We want to fit the model:

$$ 
CVP = \alpha + f(pos_{cardiac}) + f(pos_{ventilation}) + f(pos_{cardiac},\ pos_{ventilation}) + f(t_{total}) + \epsilon.
$$

First, we need to calculate each CVP sample's position in both the cardiac and respiratory cycles. For the respiratory cycle, we will fit a cyclic spline based on the relative position (as in the pulse pressure example above). For the cardiac cycle, we cannot simply use a cyclic spline, as the cycles vary in length. We could use a cyclic spline based on the relative position in the cardiac cycle of a CVP sample, but that would assume that the CVP waveform of a long cardiac cycle is simply a stretched version of a short cycle. Instead we assume that the cardiac cycle effect depends on the time since the P wave (initiation of atrial contraction), without constraining it to be cyclic.
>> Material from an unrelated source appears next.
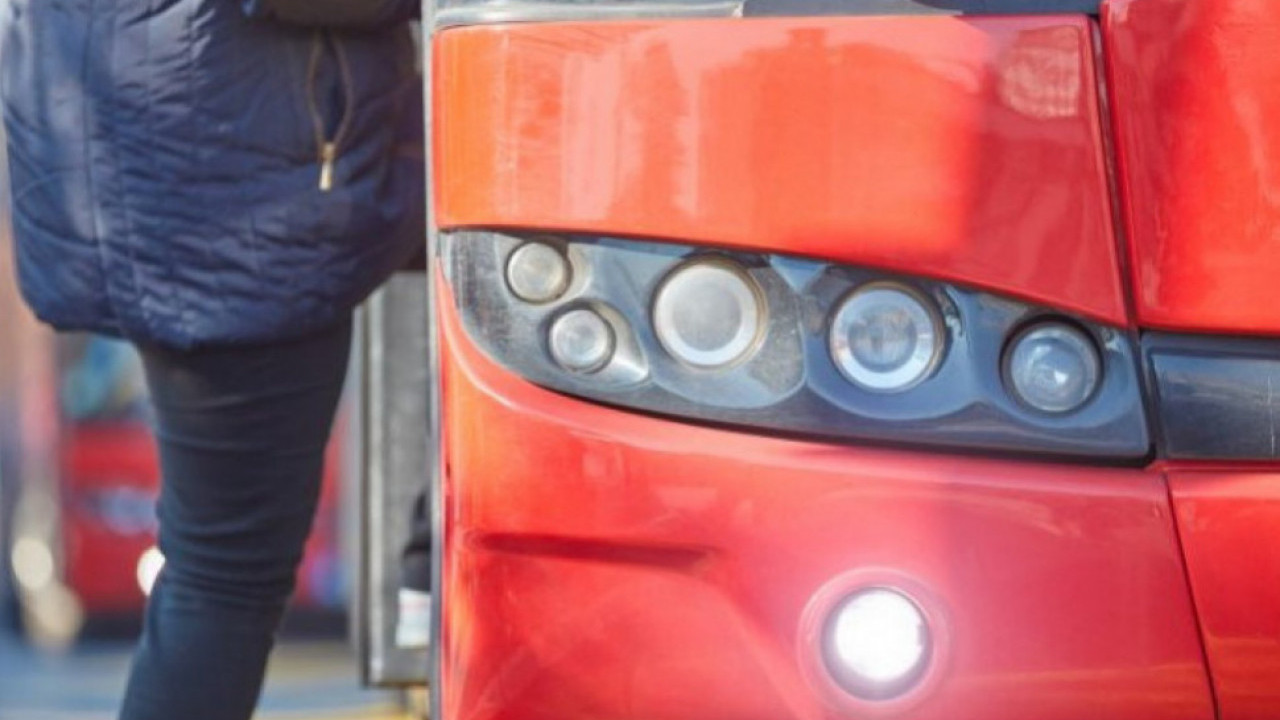ЗАМАЛО КАТАСТРОФА: Сумња се да су аутобусу отказале кочнице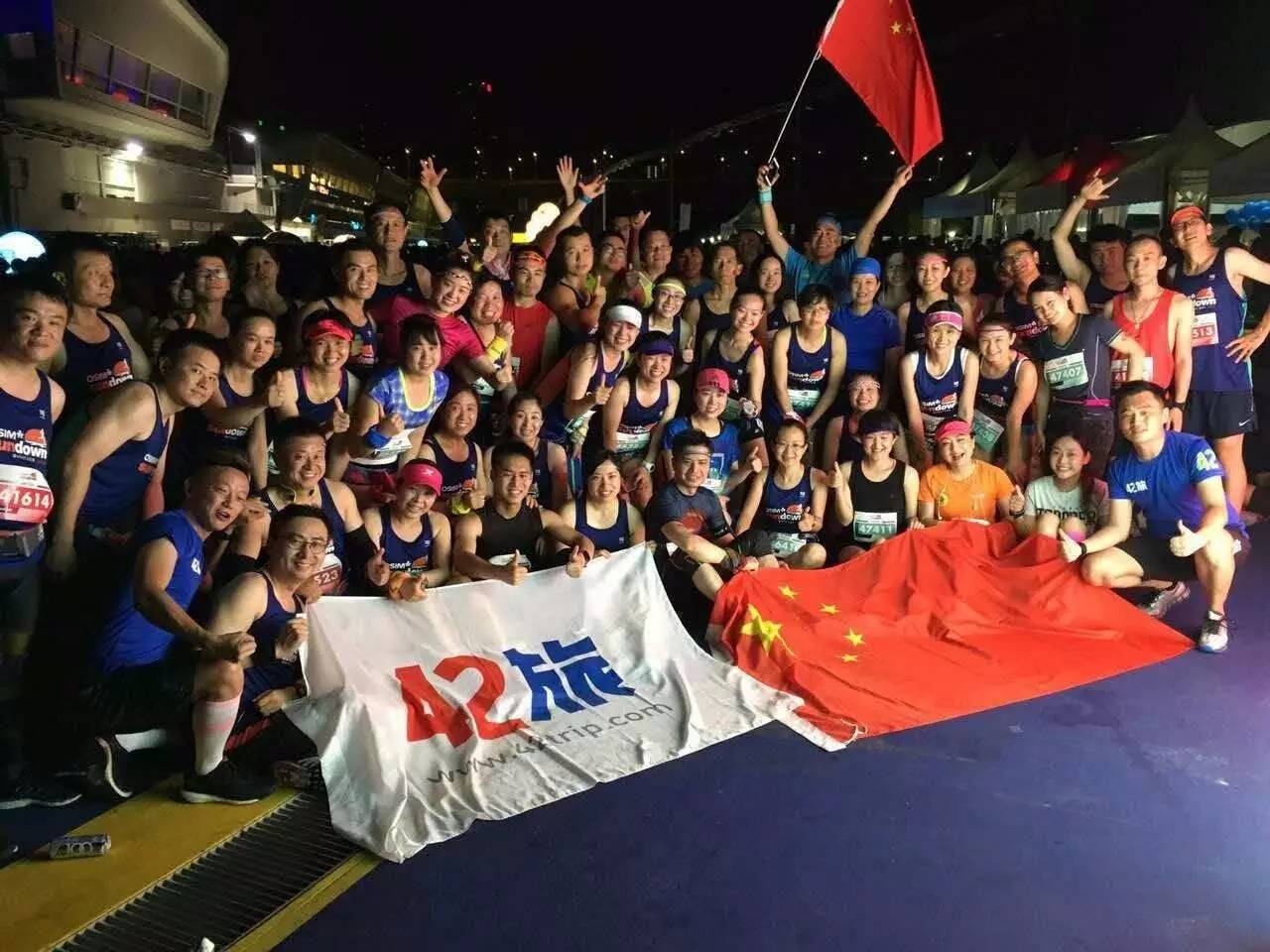 跑出一腿痱子热到炸裂!就这么铭记了新加坡日落马拉松的最美日出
Instead of trying to detect P waves from the ECG, we assume that they appear a constant interval before the QRS complex.

In the sample data, QRS complexes have already been detected from `sample_cvp$ecg`. This was done with [`rsleep::detect_rpeaks()`](https://cran.r-project.org/package=rsleep).

To find the PQ interval, we align 30 seconds of ECG recording by the detected QRS complexes.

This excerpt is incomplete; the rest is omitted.